1. We will continue working with the dataset “employee_data.sav” that was collected to assess a number of educational and demographic characteristics and their relationship to salary. For this homework, we will look at variables “salary” (current salary, the outcome), “gender” (male or female), and “educ_cat” (educational categories). Carry out analyses to evaluate the effects of educational category (high school, some or full BA, and above BA) and gender on salary. State your research questions and hypotheses. Notice that since there are 2 IVs, you can ask more than 1 research question; be explicit about all research questions and hypotheses. What statistical test is appropriate for answering these research questions? Make sure to evaluate test assumptions, summarize relevant descriptive statistics and test results. Summarize and interpret your findings as you would have done for a brief scientific paper. There is no need to make the response long; however, make sure to include all necessary and relevant information.
  2. Write one to two examples of research questions that can be answered with each of the following statistical tests:
  • Independent-sample t-test
  • Paired-sample t-test
  • Single-sample t-test
  • One-way factorial ANOVA
  • Two-way factorial ANOVA Make sure it is clear what you independent and dependent variables are, how they are measured, and what hypothesis you are testing.
  1. Researchers designed a weight-loss program, where daily reminders of healthy eating and physical activity were delivered to college students via text messaging. To evaluate efficacy of the program, researchers randomly assigned young men and women to either experimental or control groups. The figure below summarizes results of the study.
  • Write out hypotheses for this study (there should be 3!)
  • Based on the graph above, comment on whether each hypothesis was supported or not & interpret the results. You won’t be able to say whether findings are statistically significant, but you would be able to make general conclusions (at least, predicting whether findings could be statistically significant).
  1. The same researchers decided to enhance the intervention component and added a third experimental group that, in addition to text messages, received weekly educational group sessions. Below are the graphical results of the efficacy study.
  • Write out hypotheses for this study (there should be 3!)
  • Based on the graph above, comment on whether each hypothesis was supported or not & interpret the results.

Q1

We will continue working with the dataset “employee_data.sav” that was collected to assess a number of educational and demographic characteristics and their relationship to salary. For this homework, we will look at variables “salary” (current salary, the outcome), “gender” (male or female), and “educ_cat” (educational categories). Carry out analyses to evaluate the effects of educational category (high school, some or full BA, and above BA) and gender on salary. State your research questions and hypotheses. Notice that since there are 2 IVs, you can ask more than 1 research question; be explicit about all research questions and hypotheses. What statistical test is appropriate for answering these research questions? Make sure to evaluate test assumptions, summarize relevant descriptive statistics and test results. Summarize and interpret your findings as you would have done for a brief scientific paper. There is no need to make the response long; however, make sure to include all necessary and relevant information.

Hypothesis

\(H1_{0}:\) There is no difference in salary between people of different genders.
\(H1_{a}:\) There is a difference in salary beween people of different genders.
\(H2_{0}:\) There is no difference in salary between people with different levels of education.
\(H2_{a}:\) There is a difference in salary between people with different levels of education.
\(H3_0:\) There is no difference in salary between people of different gender who have different levels of education.
\(H3_a:\) There is a difference in salary between people of different gender who have different levels of education.
\[H_1: \hat{y}_{x1} = \hat{y}_{y1} \\ H_2: \hat{y}_{a2} = \hat{y}_{b2} = \hat{y}_{c2} \\ H_3: \hat{y}_{1} = \hat{y}_2 \]

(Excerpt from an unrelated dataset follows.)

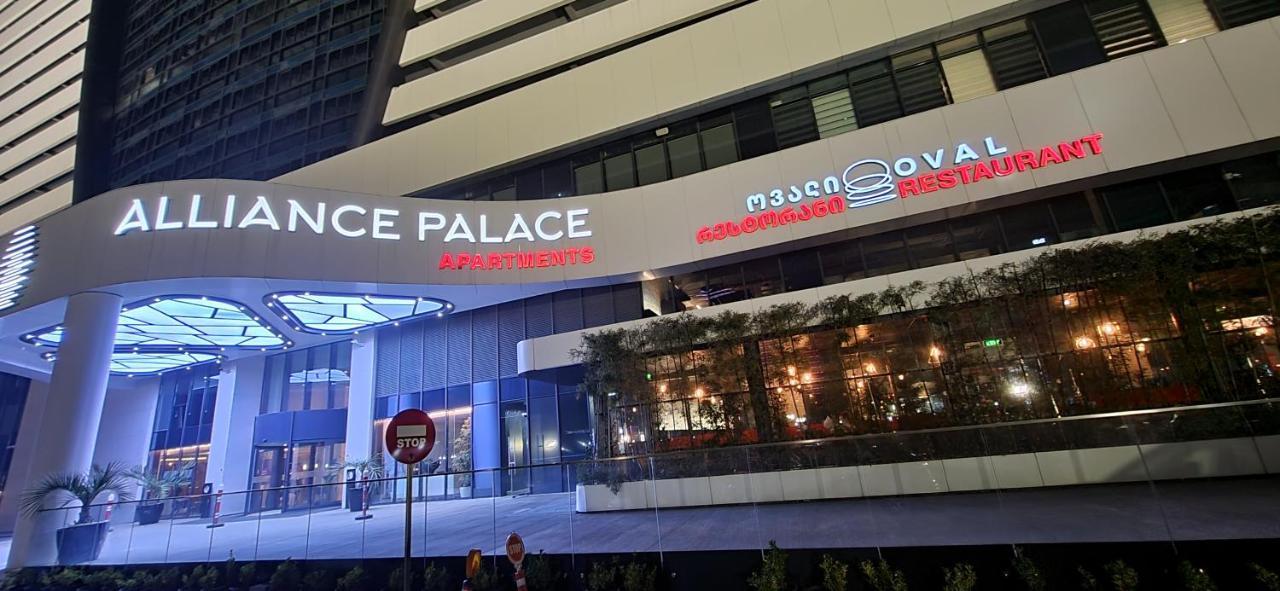 Black Sea Apartments Alliance Palace Batumi Exteriör bild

From graphical examination it appears that educational level will have the most significant effect, followed by gender, and there will likely also be a significant interaction between the two.

Assumptions

Homogeneity of Variance

Levene's Test for Log of Salary across Educational Level

Df F value Pr(> F)
group 2 12.029 0.00001
471

Levene's Test for Log of Salary across Gender

Df F value Pr(> F)
group 1 31.781 0.00000
472

Groups in neither variable exhibit homogeneity of variance, the variance will not be pooled.

Normality

We know from previous tests that the response variable violates the Shapiro-Wilk’s test of normality, however the deviation from normality is not so pronounced that ANOVA is not appropriate.

Two-Way ANOVA

Sum Sq Df F value Pr(> F)
educat 25.231 2 203.267 0
gender 3.793 1 61.117 0
educat:gender 0.426 2 3.431 0.033
Residuals 29.046 468

The two-way ANOVA presents evidence that gender has a significant effect on salary F (1) =61.12, p<.001, as does educational level F (2) =203.27, p<.001, and the interaction between the two is significant as well, albeit less so F (2) =3.43, p<.05.

From the graphical examination, it would appear that the interaction between gender and educational level is more pronounced in those with a graduate education, than with those with other levels of education. We can test this with contrasts.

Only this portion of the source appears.